The company began with four locations during its first year – Torrington, Harwinton, New Milford and Washington – and then began expanding to its current level of 18 terminals. The company’s growth and success became too much for Bass to handle alone. Four other safety supervisors are now part of the team. Bass, in addition to her duties as director of training, continues to serve as the safety supervisor for Waterbury and Seymour, two of the company’s biggest terminals.

When asked what she considers to be her biggest challenge as the training director, she pauses and then carefully selects her words.

“The biggest challenge is to have drivers live up to the trust that parents put in us,” she says. “That’s someone’s baby on our bus. I try to get people right from the start to understand that. Driving the bus is a big responsibility, especially with all the distracted drivers out there and other road hazards. It’s the safety of the kids that matter.

“I talk a lot about that. How did you feel the first day when you put your baby on a bus and the doors closed and they drove off with your child? It’s a huge amount of trust that people are putting in us, and we have to focus on the job when we’re doing that job.”

Not surprisingly, school bus driver training has become much more involved to meet the public’s expectations. And in doing so, it has placed more demands on those who want to become drivers and those who train them.

Brenda Bass“It’s nothing like it was when I first started,” Bass says. “When I started, it was five days of classroom and behind-the-wheel training all in one. I went down (to the motor vehicles department) and got a public service card, there was no CDL. I went back to the bus yard and told the manager that I got my public service license, and he said, ‘OK, here’s your route sheet, there’s the bus, go drive.’ There was no intense training and no CDL testing. And the requirements to get this job have changed, and all for the good. It’s a big job. It’s a big responsibility.”

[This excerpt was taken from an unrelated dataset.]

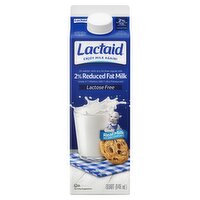 Lactaid 2% Reduced Fat Milk, 1 quart, 31.98 Fluid ounce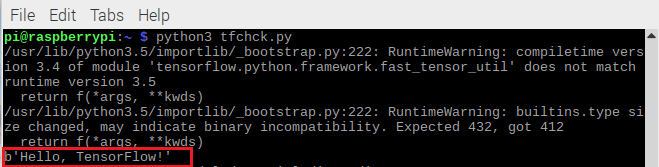 Successfully Installed TensorFlow in Raspberry Pi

As the head of training, Bass says her number one goal is to make everyone a safe driver. She’s now a master trainer, one of just a few in Connecticut, and she’s the chairperson of the safety committee for the Connecticut School Transportation Association (COSTA).

“Most people have no idea what it takes to become a school bus driver. They see women driving buses around town, and they think, ‘How hard can that be?’ And then they get into class and they understand the responsibility that comes with that and the training that is required to get a license. It’s a lot more than some people want to do.”

But for those who persist and complete the training to become a school bus driver, the rewards are many, Bass says, citing her own experience as an example.

“I’m not an unusual case to be around for 29 years. There are a lot of drivers who have been around as long as me. That’s why people say we ‘bleed yellow.’ Once you get in, you don’t ever leave. It’s a really good job.”